Played without repeats, so it's 37 minutes, shorter than the typical reading of the "Hammerklavier."
Quite remarkable, really. For a readthrough you have the basic technique to take the Diabelli Variations to completion. I've worked on these variations for years and can just now get to the point where you are with a sight reading.
You should definitely put in the work. The reason I say that is, having read your review of Nelson Friere's recording of Liszt selections, it is obvious you have the one thing it really takes to do justice to the Diabelli Variations: musical intelligence. Most of the people who show up these days in piano competitions know very little about the composer or the composition they are performing. They cannot tell you where it fits within the composer's own development, and where the composer fits musically within his time.

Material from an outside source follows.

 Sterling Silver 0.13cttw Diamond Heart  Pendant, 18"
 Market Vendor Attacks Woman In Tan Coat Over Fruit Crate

You can get by with a lot of music not knowing these things, but it isn't possible with the Diabelli Variations. This music doesn't fit anywhere in the 1820s. Beethoven was so musically isolated by his deafness when he wrote these variations that this is a work entirely of his imagination, with no aural feedback whatever from the piano for which they were written. The modulations in some of these variations fit better with the 1920s rather than a century earlier. The technique required to play them has more to do with Chopin's music or that of Bach rather than the flashy and brilliant style of performers of his day (such as Hummel and the young Mendelssohn).
There isn't much very musical about these variations - not one of them stands out as a crowd pleaser, and that is one of the reasons they are rarely performed publicly. Which is also why so few artists want to put in the work to bring these to performance level. Who wants to do all that effort for something the public won't appreciate. My own teacher grew up in the Soviet Union and dreamed of studying under the great Heinrich Neuhaus at the Moscow Conservatory. He didn't stand much of a chance because he was mostly self-taught, but Neuhaus invited him to audition in Moscow when he learned the piece he was going to play was the Diabelli Variations. Neuhaus considered this the greatest music ever written for the piano (my teacher was accepted on the spot, partly it seems because it would give Neuhaus a chance to work with a student on this music).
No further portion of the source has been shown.